A Column analysis from June looked at two weeks of coverage from April 15 to 29, when the 2022 heat wave in India and Pakistan was at its most acute and newsworthy. It found that the story was ignored entirely by CNN’s primetime news programs: The Lead with Jake Tapper, The Situation Room with Wolf Blitzer, Anderson Cooper 360°, NBC News (Today, Nightly News with Lester Holt, and Meet the Press), CBS News (Evening News, Sunday Morning News, and CBS Mornings), and ABC News (Good Morning America, World News Tonight, and This Week With George Stephanopoulos).
These same shows, however, did find time a few weeks later to run 33 stories on Queen Elizabeth II’s Jubilee celebrating her being the figurehead of Britain for 70 years.
Obviously, there is organic demand for royalty spectacle from the American public when it comes to editorial decisions, and a need for ratings has bearing on what media outlets choose to care about or not care about. But simply blaming consumer demand is the ultimate cop out. Interest in these spectacles is reinforced and shaped by editorial priorities for the past 70 years that have obsessed over every detail of the British monarchy, a focus that then reinforces public interest, until we end with a feedback loop of goopy embarrassment.

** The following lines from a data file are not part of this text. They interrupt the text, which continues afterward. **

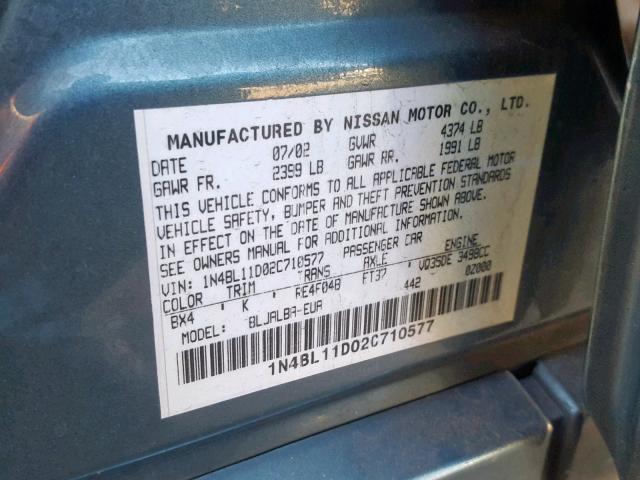 1N4BL11D02C710577 - 2002 NISSAN ALTIMA SE GREEN photo 10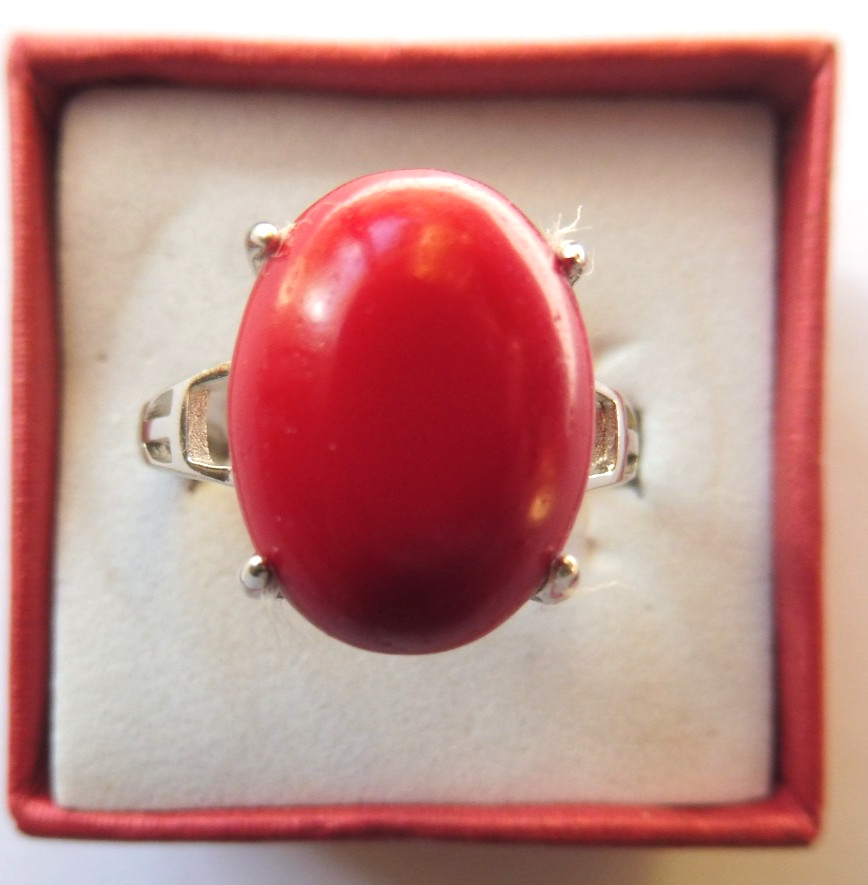 Bague corail naturel surélevée ajustable anti-allergie en argent massif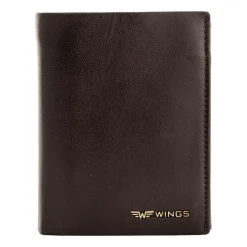 Portfel męski ze skóry bydlęcej Wings, 13 x 10 x 2 cm, RFID, brązowy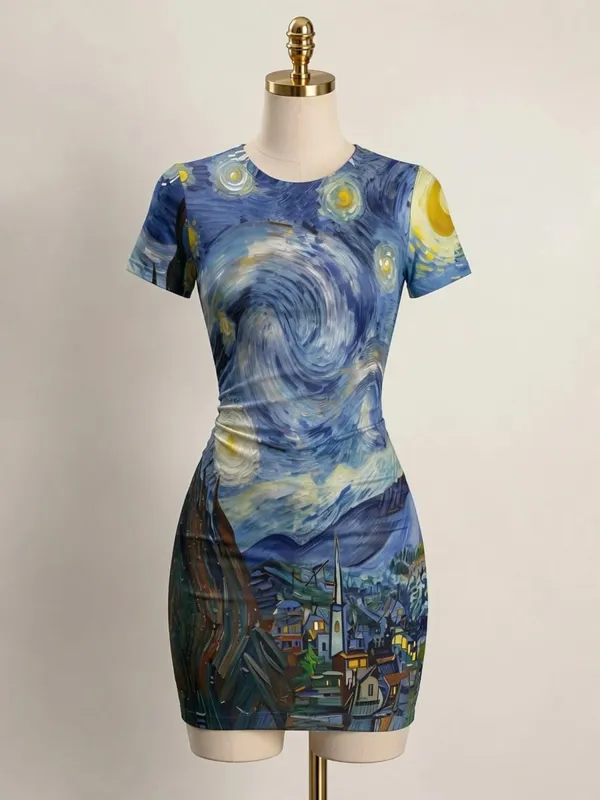 Womens Short Sleeve Bodycon Mini Dress Slim Fit Crew Neck Floral Print Casual Summer Party Cute Elegant Brunch Vacation Sundress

NBC News flew its Nightly News crew out to London to report live there for several days, including a humiliating segment where Lester Holt interviews random Britons waiting in The Queue.
Here, we have a story about a former U.S. President’s daughter discussing a meta narrative on air for four minutes about her almost having—but, ultimately, not getting—an interview with the new “Queen consort” Camilla.
CBS Sunday Morning did a 4 minute and 27 second story on her dogs. CBS Evening News regaled us with multiple stories about Queen Elizabeth II’s leisurely pastimes. (Note this is CBS’s ostensibly hard news program, not the more breezy morning show genre.) We got a 30 second segment on Elizabeth II’s horse winning a random horse race, a 1 minute and 27 second story about her as a “fashion icon,” and a 1 minute and 42 second story about Elizabeth’s American horse trainer:
CNN did four different segments on Elizabeth’s corgis alone.
And took time out to profile her personal chef and her personal “piper.”
ABC Nightly News was equally gushing, and like NBC Nightly News, flew its evening news anchor out to London for the funeral. We got a 1 minute and 16 second story on her dogs, and a cringe-inducing, groveling 1 minute and 40 second segment about her “quick wit and sense of humor.” And a teary-eyed farewell to “her majesty.”
Meanwhile, on September 9, a study published in the journal Science, found that “even the Paris Agreement goal of limiting warming to well below 2°C and preferably 1.5°C is not safe as 1.5°C and above risks crossing multiple tipping points.”
The researchers warn, “This finding provides a compelling reason to limit additional warming as much as possible”.